Instructions with Long (32 and 64 bit) immediate operands in RISC processors

Question

Are operations with large immediate numbers possible in RISC processors, when the size of the immediate operand does not allow to place it in the 32-bit instruction word (standard for RISC architectures). Say we want to store a 32-bit or 64-bit immediate in a register, or execute a simple arithmetic instruction with an integer of that size.

Here are some examples in a pseudocode.

Let r1 and r2 are register names, and imm32 is an immediate operand of 32-bit length, while imm64 is an immediate operand of 64-bit size.

We want to execute the following instructions, written in pseudocode like:

1) r1 = imm32
2) r1 = imm64
3) r1 = r2 + imm32
4) r1 = r2 - imm64

Are such instructions possible on popular RISC platforms? For example, we can consider such well known architectures, as MIPS, RISC-V, SPARC, DEC Alpha64 (dead, but famous processor family), ARM and Power. If they are possible, what would be the code for these instructions and how are they kept in memory when a RISC-instruction word contains only 32 bits? If they aren't, what is the program simulation for the pseudocode, given above?

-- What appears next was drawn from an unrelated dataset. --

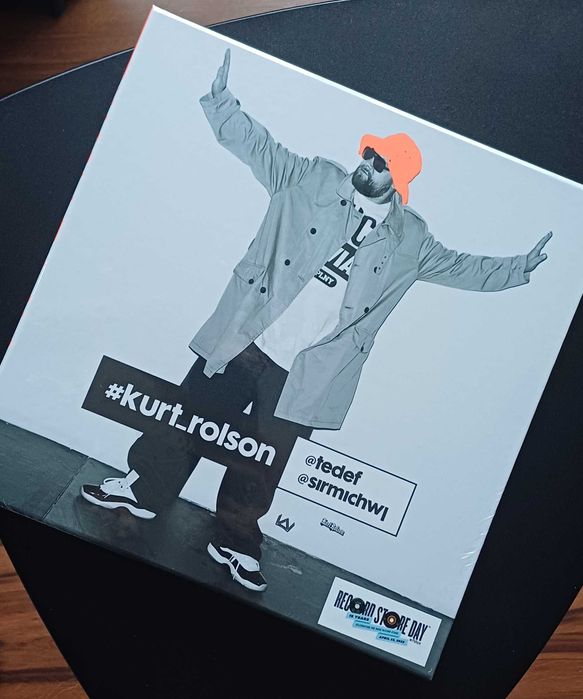 TEDE/SIR MICH - #kurt_rolson kurort_rolson 4LP LIMI’TEDE’DITION 1/1000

Please not that “big list” kind of questions are not too well received on this site as they are by definition open ended. I have written an answer that gives a general overview over the subject matter; if you want to know what it looks like on specific architectures, go read the instruction set references or ask a compiler. — fuz, Jul 26 '22 at 04:58
Note that this is your [second](https://stackoverflow.com/q/73109209/417501) “big list” kind of question. Do not ask questions in this manner. The effort to give the answer you demand is immense and is ultimately busywork that you should do yourself by reading the instruction set references in question. — fuz, Jul 26 '22 at 05:08
https://godbolt.org/ has compilers for most of those ISAs; write `long foo(long x){ return x+123456789; }` and see what you get. (`clang -target sparc` can give you SPARC asm). Try AArch64 with a repeating pattern like `0x1111111111111111` then go read about its immediate encodings. — Peter Cordes, Jul 26 '22 at 05:48

score 3 · Answer 1 · answered Jul 26 '22 at 05:14

Yes of course. Being RISC doesn't mean having fixed-length instructions. It simply means the architecture is load-store instead of being orthogonal and allow memory operands. ARM has the Thumb-2 extension for variable-length instructions of 16 and 32-bit. Similarly MIPS has the MIPS16e and microMIPS extensions

I don't know if they allow 48-bit instruction or not but RISC-V definitely does. It has been designed from the ground up to support any instruction length that's a multiple of 16. And using a 48-bit instruction we can easily squeeze a 32-bit immediate. Similarly a 64-bit immediate can be embedded in 80 bits or more, leaving lots of space for the opcode and everything else. Here's its instruction encoding:

See also

How does RISC-V variable length of instruction work in detail?
RISC-V Opens the Door on 48-bit Computing | Agam Shah, HPC Wire (yes, the title is ridiculously terrible - it has nothing to do with 48-bit architectures, only a possibility to have 48-bit instructions)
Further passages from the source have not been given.